Book Recommendation: Snow Falling on Cedars by David Guterson
Snow Falling on Cedars (1995) by David Guterson is an excellent novel and easy to recommend for your reading list. Click on the links to learn more about the author and this book.
David Guterson was born in Seattle on May 4, 1956. He was educated at the University of Washington, where he graduated summa cum laude as an English major in 1978, and where he received his Master's degree in Creative Writing in 1982 and his Teaching Certificate in 1983.
During his university years, Guterson worked in restaurant kitchens and for the U.S. Forest Service. In 1984, he began teaching high school English on Bainbridge Island in Washington State. Simultaneously he began to work as a freelance journalist and became a contributing editor to Harper's magazine.
Guterson's many awards include a Guggenheim Fellowship, the White Award for Journalism, the Washington State Governor's Writers Award, the Swedish Academy Crime Writers' Award, the American Booksellers Association Book of the Year Award, the Barnes & Noble Discover Award, and the PEN/Faulkner Award for Fiction for Snow Falling on Cedars.
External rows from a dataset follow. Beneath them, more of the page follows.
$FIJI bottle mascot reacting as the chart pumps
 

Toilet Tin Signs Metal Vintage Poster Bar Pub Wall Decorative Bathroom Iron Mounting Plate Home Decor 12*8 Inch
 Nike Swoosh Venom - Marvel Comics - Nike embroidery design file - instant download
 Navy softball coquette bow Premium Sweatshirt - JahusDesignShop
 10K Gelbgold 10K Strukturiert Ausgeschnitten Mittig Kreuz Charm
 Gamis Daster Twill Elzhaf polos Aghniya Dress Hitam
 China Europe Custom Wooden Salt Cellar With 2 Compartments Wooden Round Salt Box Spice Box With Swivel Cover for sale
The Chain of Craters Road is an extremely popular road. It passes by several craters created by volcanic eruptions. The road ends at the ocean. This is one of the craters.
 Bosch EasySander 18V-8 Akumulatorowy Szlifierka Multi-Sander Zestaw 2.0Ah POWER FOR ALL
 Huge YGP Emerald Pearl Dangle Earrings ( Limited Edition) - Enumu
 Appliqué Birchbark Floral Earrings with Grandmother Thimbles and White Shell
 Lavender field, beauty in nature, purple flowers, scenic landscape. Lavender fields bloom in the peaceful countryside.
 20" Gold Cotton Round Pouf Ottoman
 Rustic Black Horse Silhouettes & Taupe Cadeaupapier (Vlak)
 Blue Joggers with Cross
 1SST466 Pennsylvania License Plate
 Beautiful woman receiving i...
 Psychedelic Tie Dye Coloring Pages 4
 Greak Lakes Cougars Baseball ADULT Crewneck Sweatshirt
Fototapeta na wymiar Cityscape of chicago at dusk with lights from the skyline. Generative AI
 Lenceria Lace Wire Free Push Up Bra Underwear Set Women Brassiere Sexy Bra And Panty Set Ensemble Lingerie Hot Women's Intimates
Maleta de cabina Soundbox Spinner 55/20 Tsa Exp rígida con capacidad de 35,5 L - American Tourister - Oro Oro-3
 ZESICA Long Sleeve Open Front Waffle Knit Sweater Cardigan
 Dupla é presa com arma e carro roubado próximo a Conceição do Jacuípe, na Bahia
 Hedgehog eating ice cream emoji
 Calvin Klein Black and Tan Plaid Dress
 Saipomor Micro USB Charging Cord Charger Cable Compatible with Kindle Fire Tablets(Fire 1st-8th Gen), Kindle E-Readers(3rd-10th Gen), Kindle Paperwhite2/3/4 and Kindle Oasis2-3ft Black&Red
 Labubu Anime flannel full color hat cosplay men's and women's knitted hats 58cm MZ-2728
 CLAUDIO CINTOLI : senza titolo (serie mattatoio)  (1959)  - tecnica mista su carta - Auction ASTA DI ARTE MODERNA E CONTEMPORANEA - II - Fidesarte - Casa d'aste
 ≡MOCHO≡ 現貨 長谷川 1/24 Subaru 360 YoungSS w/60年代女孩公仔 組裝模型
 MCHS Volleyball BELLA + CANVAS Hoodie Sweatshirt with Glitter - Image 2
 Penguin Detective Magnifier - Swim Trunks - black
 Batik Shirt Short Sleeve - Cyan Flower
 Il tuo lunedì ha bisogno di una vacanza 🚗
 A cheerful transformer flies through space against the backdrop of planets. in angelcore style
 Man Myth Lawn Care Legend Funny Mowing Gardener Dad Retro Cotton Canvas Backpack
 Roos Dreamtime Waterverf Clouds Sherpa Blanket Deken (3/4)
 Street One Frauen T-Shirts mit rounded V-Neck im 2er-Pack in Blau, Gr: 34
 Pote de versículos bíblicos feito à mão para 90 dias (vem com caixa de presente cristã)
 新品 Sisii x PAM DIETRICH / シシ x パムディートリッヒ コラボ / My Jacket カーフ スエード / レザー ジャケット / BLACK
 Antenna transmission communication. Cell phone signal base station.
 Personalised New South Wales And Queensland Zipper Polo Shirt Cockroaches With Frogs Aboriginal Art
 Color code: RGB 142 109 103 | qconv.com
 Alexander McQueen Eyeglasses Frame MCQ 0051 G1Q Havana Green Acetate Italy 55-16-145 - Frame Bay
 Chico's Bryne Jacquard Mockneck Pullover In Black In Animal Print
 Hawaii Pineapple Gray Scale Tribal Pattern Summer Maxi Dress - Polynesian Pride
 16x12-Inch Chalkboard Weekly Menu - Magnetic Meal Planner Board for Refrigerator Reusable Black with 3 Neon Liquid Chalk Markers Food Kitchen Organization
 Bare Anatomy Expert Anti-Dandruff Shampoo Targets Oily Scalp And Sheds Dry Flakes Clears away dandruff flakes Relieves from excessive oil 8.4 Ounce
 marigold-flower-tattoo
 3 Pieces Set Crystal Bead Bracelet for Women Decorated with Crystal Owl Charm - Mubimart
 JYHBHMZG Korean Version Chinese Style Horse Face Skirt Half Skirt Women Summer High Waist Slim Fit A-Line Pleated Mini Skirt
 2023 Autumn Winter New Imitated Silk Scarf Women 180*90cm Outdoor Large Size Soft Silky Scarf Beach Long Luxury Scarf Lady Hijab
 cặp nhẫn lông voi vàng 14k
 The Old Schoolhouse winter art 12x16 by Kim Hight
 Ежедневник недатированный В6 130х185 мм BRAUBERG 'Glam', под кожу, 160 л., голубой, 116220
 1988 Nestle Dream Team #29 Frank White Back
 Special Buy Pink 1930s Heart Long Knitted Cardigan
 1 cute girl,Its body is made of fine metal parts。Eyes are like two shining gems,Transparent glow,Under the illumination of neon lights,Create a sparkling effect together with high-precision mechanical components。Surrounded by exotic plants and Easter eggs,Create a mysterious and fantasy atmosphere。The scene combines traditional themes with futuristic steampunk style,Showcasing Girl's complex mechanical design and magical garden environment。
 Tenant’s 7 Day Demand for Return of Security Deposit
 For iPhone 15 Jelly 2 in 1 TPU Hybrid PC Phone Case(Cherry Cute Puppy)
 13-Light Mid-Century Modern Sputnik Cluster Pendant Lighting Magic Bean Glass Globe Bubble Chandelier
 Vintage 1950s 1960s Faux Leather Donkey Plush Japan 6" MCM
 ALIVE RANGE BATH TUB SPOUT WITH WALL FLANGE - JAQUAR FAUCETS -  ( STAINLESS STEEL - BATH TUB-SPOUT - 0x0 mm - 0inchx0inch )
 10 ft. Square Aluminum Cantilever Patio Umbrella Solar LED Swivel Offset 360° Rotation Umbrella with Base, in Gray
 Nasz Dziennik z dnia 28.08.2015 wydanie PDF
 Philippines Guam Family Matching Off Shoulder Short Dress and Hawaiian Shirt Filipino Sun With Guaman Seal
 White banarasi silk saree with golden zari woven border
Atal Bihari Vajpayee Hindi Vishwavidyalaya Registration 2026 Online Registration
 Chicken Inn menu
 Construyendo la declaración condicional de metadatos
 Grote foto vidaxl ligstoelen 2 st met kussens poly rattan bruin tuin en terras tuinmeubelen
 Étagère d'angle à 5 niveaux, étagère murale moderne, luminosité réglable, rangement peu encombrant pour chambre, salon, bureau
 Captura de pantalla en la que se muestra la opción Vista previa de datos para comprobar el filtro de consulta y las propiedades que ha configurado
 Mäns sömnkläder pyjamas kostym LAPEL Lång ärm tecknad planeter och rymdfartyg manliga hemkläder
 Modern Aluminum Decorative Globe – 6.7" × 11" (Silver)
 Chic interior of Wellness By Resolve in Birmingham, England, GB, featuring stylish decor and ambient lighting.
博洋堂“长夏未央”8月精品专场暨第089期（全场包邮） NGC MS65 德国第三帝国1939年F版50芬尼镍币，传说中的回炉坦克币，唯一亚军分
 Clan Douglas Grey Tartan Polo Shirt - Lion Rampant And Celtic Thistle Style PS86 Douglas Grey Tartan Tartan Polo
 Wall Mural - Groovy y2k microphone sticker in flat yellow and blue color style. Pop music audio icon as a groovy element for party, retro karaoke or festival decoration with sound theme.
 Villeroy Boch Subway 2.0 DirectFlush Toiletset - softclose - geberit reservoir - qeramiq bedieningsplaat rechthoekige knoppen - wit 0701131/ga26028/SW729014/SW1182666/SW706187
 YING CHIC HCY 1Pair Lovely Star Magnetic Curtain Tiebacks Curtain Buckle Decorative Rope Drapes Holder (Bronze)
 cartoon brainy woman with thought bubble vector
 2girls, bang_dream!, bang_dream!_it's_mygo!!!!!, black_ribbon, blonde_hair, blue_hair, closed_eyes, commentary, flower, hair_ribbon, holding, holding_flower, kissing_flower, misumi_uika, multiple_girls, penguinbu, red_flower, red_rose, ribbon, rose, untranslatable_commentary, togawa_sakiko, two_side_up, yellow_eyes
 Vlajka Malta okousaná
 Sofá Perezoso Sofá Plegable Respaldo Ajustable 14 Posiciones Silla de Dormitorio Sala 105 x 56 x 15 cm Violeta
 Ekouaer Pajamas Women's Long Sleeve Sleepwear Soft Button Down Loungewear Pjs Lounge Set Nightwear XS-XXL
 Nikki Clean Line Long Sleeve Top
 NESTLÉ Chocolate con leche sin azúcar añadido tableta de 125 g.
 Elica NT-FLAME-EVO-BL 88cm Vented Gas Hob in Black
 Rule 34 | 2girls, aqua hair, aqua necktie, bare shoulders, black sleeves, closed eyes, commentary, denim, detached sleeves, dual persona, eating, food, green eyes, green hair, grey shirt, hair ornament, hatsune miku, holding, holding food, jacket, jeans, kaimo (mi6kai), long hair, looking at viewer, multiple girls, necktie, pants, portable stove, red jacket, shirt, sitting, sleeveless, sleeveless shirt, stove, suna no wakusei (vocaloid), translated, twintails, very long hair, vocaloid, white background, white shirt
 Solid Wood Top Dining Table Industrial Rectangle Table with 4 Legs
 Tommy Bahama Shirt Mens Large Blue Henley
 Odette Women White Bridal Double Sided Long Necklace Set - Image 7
Guterson is the co-founder of Field's End, a writer's community, and in 1998 established the David Guterson Award for MFA students in Creative Writing at the University of Washington. He is currently the author of 11 books of fiction, non-fiction, and poetry and lives on Bainbridge Island, in Washington State.
Goodreads Review of Snow Falling on Cedars
Gripping, tragic, and densely atmospheric—a masterpiece of suspense San Piedro Island, north of Puget Sound, is a place so isolated that no one who lives there can afford to make enemies. But in 1954 a local fisherman is found suspiciously drowned, and a Japanese American named Kabuo Miyamoto is charged with his murder. In the course of the ensuing trial, it becomes clear that what is at stake is more than a man's guilt. For on San Pedro, memories of a charmed love affair between a white boy and the Japanese girl who grew up to become Kabuo's wife; memories of land desired, paid for, and lost. Above all, San Piedro is haunted by the memory of what happened to its Japanese residents during World War II, when an entire community was sent into exile while its neighbors watched.